Even without climate change, sustainability is already an issue in Indonesian cities, in social, economic and ecological terms. Ten years after the reform, very few cities have moved away from Orde Baru’s developmentalism: rude urban expansions based on infrastructure outlaying, suburbanisations, low density developments, dependence on car with too little investments on public transport, etc., while natural resources are carelessly exploited without long-term view.
Several organisations including NGOs, government agencies, coalitions, research institutes, are working on the issues. There is also a rise in civil society activism, indicated at least by growth in civil society voluntary groups. However, much change is required and need to be sustained.
Without high economic growth, it is impossible to create wealth among the current poor. With high economic growth, it is not certain that gaps will be narrowed to create justice.

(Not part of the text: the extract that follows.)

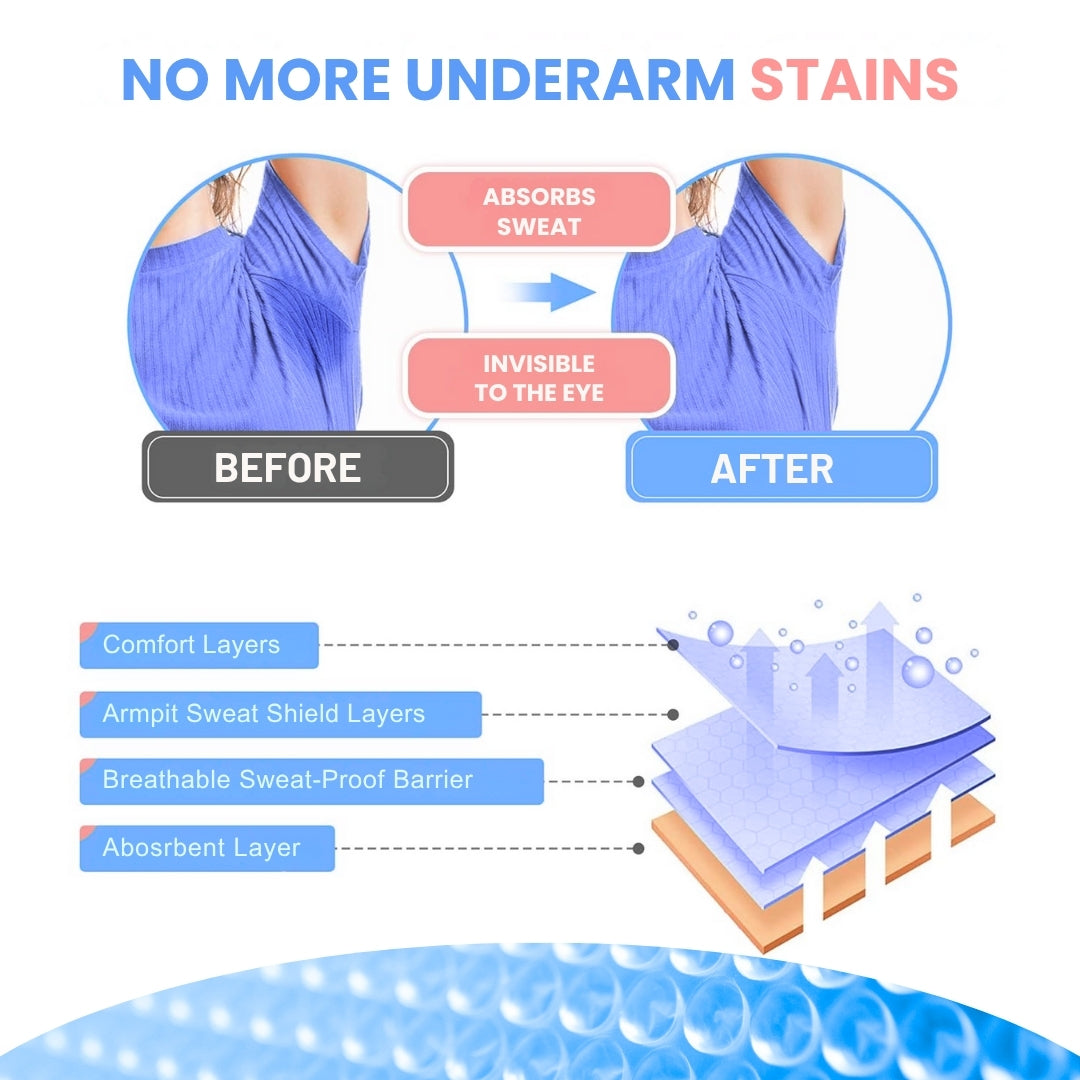 SoftSteps Sweat Pads - Unisex Underarm Pads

Upstream and downstream integration in spatial planning is still far from reality. Upstream destruction and downstream indulgence, under different jurisdictions, despite the new law that allows for joint spatial plans between different jurisdictions, are hard to coordinate within the context of decentralisation and autonomy.
There are opportunities for politicians to mobilise and direct public sentiments (irked by ecological disasters) towards regional spatial integration.
Citizens’ initiatives towards green living are growing, but need to be first recognised, and then facilitated to create critical mass of change. This is a very big challenge.
New infrastructures and other public investments have not really been seriously chosen based on the goal to achieve sustainability. There is a need for a comprehensive framework on urban sustainability to guide all urban projects. The framework requires political will and tenacity in implementation.